Table of Contents
Overcoming objections is the highest level of technical sales skills. Most sellers don’t ask for the order in the first place, so they never have to overcome objections. Just asking for the order puts us in the top 10% of sellers. Overcoming objections will put us in the top 1%!
There are three types of objections we face as salespeople, with many nuances within each group.
When we are looking for new business, the major objection we face is “I am happy with my current supplier.”
Customer: “I’m happy with my current supplier.”
Master Seller: “I’m sure you have great suppliers; you’re a strong company with a strong reputation. I don’t want to get in the way of what you’re currently doing; what I would like to do is become a back-up or secondary supplier. That way we can get to know each other. You will become familiar with me, our products, and service and if anything does go wrong with your current supply, we will already have a relationship. We’ll be able to continue your supply seamlessly, without interrupting the flow of your operation.”
These are much more subtle and handled poorly, if at all, by most salespeople. When we ask a personal question to try to get to know our customer better, they often give a vague answer. Most salespeople move on. The Master Seller digs deeper with a follow-up question. This sends the message that they really do want to know, they’re not just going through the motions. The follow-up question is the key to building rapport. It will open the floodgates of conversation.
Master Seller: “What did you do this weekend?”
Customer: “Not much, just spent time with the family.”
Master Seller: “Great. What did you all do?”
Hijacking the Conversation kills rapport; don’t do it.
Salesperson: “What did you do this weekend?”
Customer: “I played some golf.”
Salesperson: “Me too. Man, I played great. I shot a 92. I hit a shot on the 16th blah, blah, blah….” This is not active listening. It “hijacks” the conversation, irritating and boring the customer.
Master Seller: “Sounds fun. How did you play?”
Most sellers are afraid of being too pushy, so they don’t even ask for the order. Trying to overcome an objection shows that we want to do business with our customer. It only becomes “pushy” if we try it more than twice. Two tries is usually the max.
I Want to Shop It:
Customer: “I appreciate the number, Susan. Let me shop it a little and I will get back to you.”
Master Seller: “Bob, you told me you needed a 2×4 14’ #3 for quick. This is the quickest truck out there. Why don’t we put it on now?”
Customer: “I know, but I’d still like to shop it a little more.”
Master Seller: “We could shop it and maybe save $2 to $3/MBF, but we won’t find a truck that is quicker than this and we could lose coverage altogether. Do we want to take that risk? Why don’t we put this on right now?”
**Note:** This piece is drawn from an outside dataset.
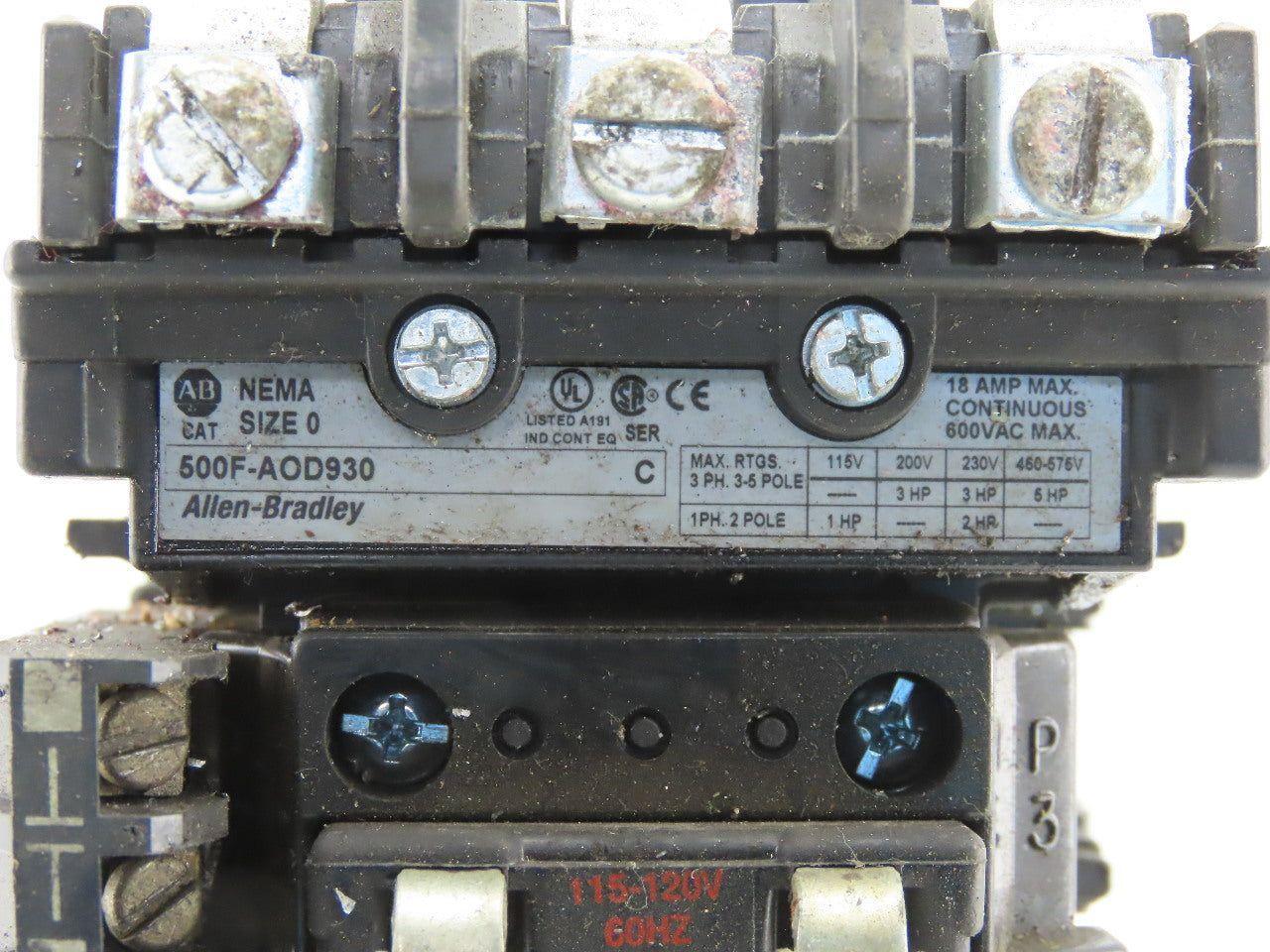 Allen Bradley 500F-AOD930 Sec. C Contactor Size 0 5Hp Starter 3P 120V Coil Relay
Let Me Check My Inventory:
Customer: “That looks like a pretty good number. Let me check my inventory and I’ll get back to you.”
Master Seller: “Okay. You’re sitting at your desk right now. Why don’t we pull up your inventory and see how it looks right now?”
Overcoming objections can feel like arguing. Many of us were raised by parents and teachers who told us not to back sass or question. The key when overcoming inquiry is tone.
We need to keep our tone even, friendly and “No big deal.” If our tone is too pushy or needy it will make the customer uneasy or uncomfortable and will be easy to say no to. When our tone is matter of fact and laid back, it’s hard to say no to.